We really didn’t have a TV at work that you would watch on a regular basis, but I knew there was a small one in the conference room that we sometimes showed videos on. I knew he was serious and I couldn’t get anything to come up on the internet. I could hear in the background his favorite TV program, Fox News very loudly and what seemed to be some chaos.

By the time I hung up, got the TV working in the conference room, several more of us had gotten similar phone calls from parents, husbands, wives, our clients.

We all gathered in the conference room at the same time and miraculously the phones stopped ringing from that point through the rest of the day.

When we turned on the TV it was the exact time that the second plane was hitting the second tower. We thought we were watching a re-play of the first hit. We all still thought that this poor plane was mis-directed somehow and was crashing through New York. Terrorists didn’t even cross our minds.

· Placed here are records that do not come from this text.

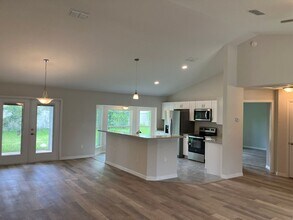 8763 SE Hwy 42 in Summerfield, FL - Building Photo - Building Photo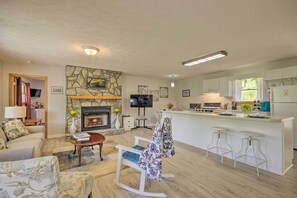 Fireplace - Maggie Valley House w/ Mtn Views - 1 Mi to DT (Maggie Valley)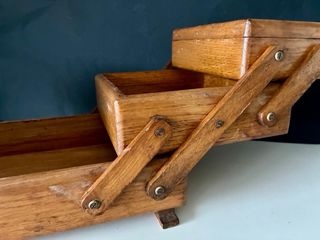 Costurero antiguo madera sobremesa grande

Within seconds we realized we had not just seen a re-play. We had seen real time horror.

It’s a blur from there. Our TV at home was on 24/7 for the next 7 days. We slept in front of it. We would periodically wake up and watch. When we finally did turn the TV off, the quiet bothered us so much and we felt so attached to all that was going on that we had to turn it back on again.  I felt like I was doing something wrong when I didn't have it on.



These are the things I remember. These are the things I never want to forget. I promised not to. Despite the devastation and shock, I never want to forget the sense of pride I felt to live in America, to have the President we had in that moment, to live in a country where men and women sacrificed themselves for our country, where firemen and police officers were only heroes, where people in a small town nowhere near the events stood outside waving flags at the cars as they drove past.



Sometime on day 2 or 3 we had little mini flags in the house – I have no idea where they came from, but my 4 and 1 year old took them outside to the porch and I watch as they stood there in their jammies and waved those flags at the cars as they drove by. I didn’t tell them to do this. Even more amazing, in the background was a rainbow.

Sometime on day 3 or 4 we noticed how quiet the sky was. I never noticed before that I was NOT noticing air traffic, I had become immune to it. But the lack of sound in the sky was deafening.

Sometime on day 4 or 5 there was a massive American Flag covering an entire wall at work. There was not one single house that I could see that did not have an American Flag waving. There was not one single car that did not have an American Flag print-out in their back window.



I miss those flags.

I miss the camaraderie we felt towards each other.

Years ago we watched a 9/11 documentary with our now three kids. One wasn’t even born and the other two really do not remember. Sometimes I wish they had been older. 9/11 made a difference in how I think and how I express my patriotism, but no amount of re-calling events can impress that upon them.

I do not want to forget EVER.


6 comments:

Diplo_Daddy said...

Yes, that was indeed a day none of will ever forget.

That gentleman's lady said...

It's one of those moments where we all remember where we were. I was in a library, studying. They gathered us all together and told us. Someone's mother worked in The WTC.

10 years already....

Teresa said...

I was on my daughter's Navy ship on what is called a Tiger Cruise. We were a couple days out of San Diego and they were returning from six-month deployment to the Persian Gulf. I woke up to the sound of the ship's captain making announcements over the intercom. It was terrible.

Kate Geisen said...

It's hard thinking back to that time, how the entire country seemed hushed and subdued and then defiantly proud and alive.

Miss Bee said...

It really was amazing to see pride displayed and to see how people came together. I didn't even mind the cheesy songs... "and the Statue of Liberty started shaking her fist..."

We really can't forget. Everyone who died that day (and since then in the wars) deserves at least that.

kt moxie said...

I wrote an "I remember" post as well, and also commented about the quiet skies. It was so eerie.